İyi okumalar.
Zırhını giymiş aynadaki yansımasına bakıyordu.
"Geniş omuzlarınız var. Zırhı daha yi taşımanızı sağlıyor."
Lio da kendisi için yapılan zırhı giymişti.
"Neden bu zırhı yaptırdın?"
"Şovalye oluyorsun."
"Ne?"
"Eğitim almak için gideceksin. İyi bir asker olup geleceksin."
"İyi de neden? Yanında eğitilmek istiyorum."
"Lio. Bu kralın isteği. Gözde yüzbaşısının yanına acemi bir asker veremezmiş."
"Beni yanında istemiyorsun. Sorumluluk istemediğini söylemiştin. Senin için fazlalığım." Demirci onları yalnız bırakıp içeri gittiğinde Alba arkasını dönüp Lio'ya baktı.
"Tam üstüne bastın. Kendini kanıtlamadığın sürece ne ben ne de diğerleri seni gözünde büyütmez. Kanıtla. Yarın akşam gidecek acemilere katıl. Çoğu soylu. Bu yüzden dikkatli ol." Lio öfkeyle ona bakıyordu.
"Öfken ikimize de yaramaz. Ben işlerimi hallederken eğitim alacaksın. Daha sonra bana katılacaksın." Lio'nun öfkesi dağılmaya başlamıştı.
"Ne kadar?"
"Dört ya da beş ay. Ne kadar iyiysen o kadar kısa."
"İyi."
"Ben bu akşam gidiyorum." Merakla Alba'ya baktı.
"Nereye?"
"Kral bir görev verdi."
"Bu kadar erken mi?"
"Askerler dinlenmez."
"Sen komutansın ama."
"Öyleyim. Bu yüzden benden emin olmak istiyor." Lio'ya yanaşıp fısıldadı.
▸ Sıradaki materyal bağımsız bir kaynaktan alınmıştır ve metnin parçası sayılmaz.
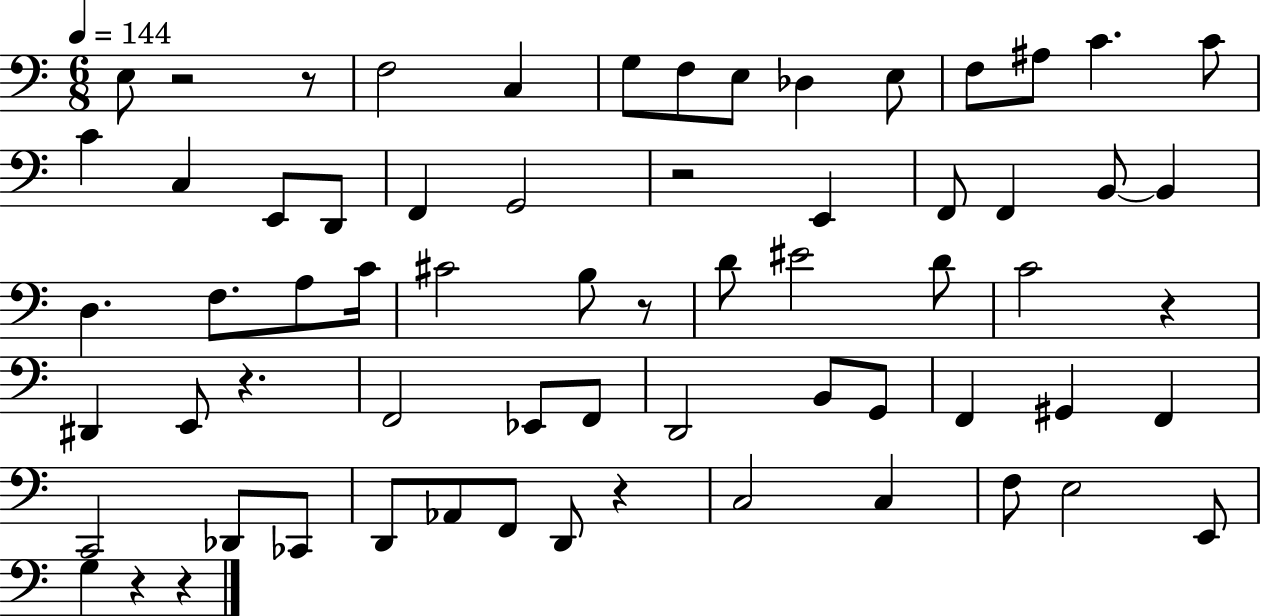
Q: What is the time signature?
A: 6/8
"Bir boklar oluyor Lio. İyiliğin için entrikalardan uzak durmanı sağlıyorum."
Lio'nun öfkesi boşunaydı. Alba'nın onu kolayca bırakmayacağını biliyordu.
"Eğitimin bittiğinde beni bul."
Demirciden çıkan Alba'nın peşinden baktı.
****
Sarayın gösterişli koridorundan emin adımla ilerlerken Hans'a denk geldi.
"Yüzbaşı."
"Mareşal Hans." Selamlaştılar.
"Kral sizi bekliyor."
"Ona gidiyorum." Tam adım atacakken Hans kolundan tutup kulağına fısıldadı.
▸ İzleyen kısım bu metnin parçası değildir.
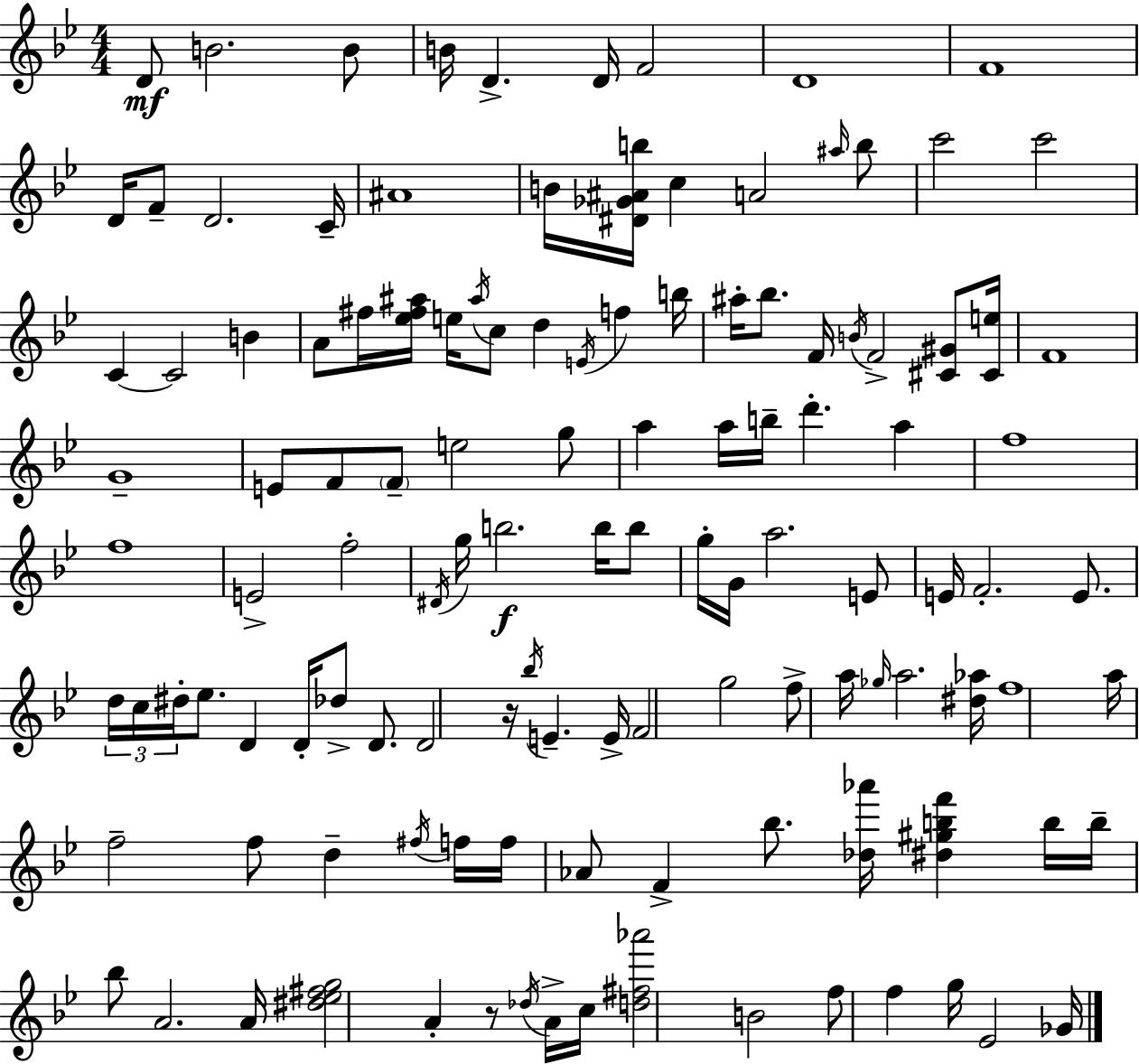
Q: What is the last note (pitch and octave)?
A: Gb4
"Hızlı yükselenler hızlı düşerler Alba." Zoraki gülümseyip ilerledi. Alba bunun ne demek olduğunu biliyordu. Bir uyarı. Kralın gözünde kendisinden başkasının yükselmesine izin veremeyecek kadar aç gözlüydü Hans. Bu da Alba'nın başına bela olacak demekti.
Toparlanıp Kral'ın salonuna girdi.
"Majesteleri." Selam verdi.
"Akşam yola çıkacağın yeri öğrenmelisin diye düşündüm. Gecikmenin nedenini biliyorsun." Güvensizlik. Kral sarayındakilere güvenmiyordu. Bu nispeten basit görevde dahi planı gizleme ihtiyacı duyuyor. Bu paranoyaklık kendisini bitiriyordu.
"Biliyorum efendim."
"Ticaret yolları. O çok güvendikleri ticaret yollarındaki kervanları yağmalamanı istiyorum." Eliyle sakalını sıvazladı.
"Yağmacı kılığında mı?"
"Hayır. Bizzat Koryo Krallığına ait zırhlarlar saldıracaksınız. Goth ölmüş olabilir. Şuan bir varis kavgasının ortasında olsalarda bir sonraki kralın nefesimi ensesinde hissetmesini istiyorum. Çok zor bir görev değil. Fakat kolay da değil. Savaşçı paralı askerleri kervanları koruyabilir. Özellikle saraya eşya ve erzak taşıyan kervanlar daha güçlü koruyuculara sahiptir. Aldığım haberlere göre kraliyet kervanlarından birkaçı yola çıkacakmış. Önceliğiniz onlar."
"Emredersiniz efendim."
"Şimdilik bu kadar çekilebilirsin."
Alba selam vere vere giderken kral durdurdu.
"Zırh yakışmış."
"Sağ olun efendim sayenizde."
Salondan çıkıp sarayın çıkışına yöneldi.
Şehrin bayram havası bir kişinin ölümü içindi. Düşman kralın. Hayat böyleydi işte. Düşman ülke kralın ölümü için yas tutarken bu ülkede bayram vardı.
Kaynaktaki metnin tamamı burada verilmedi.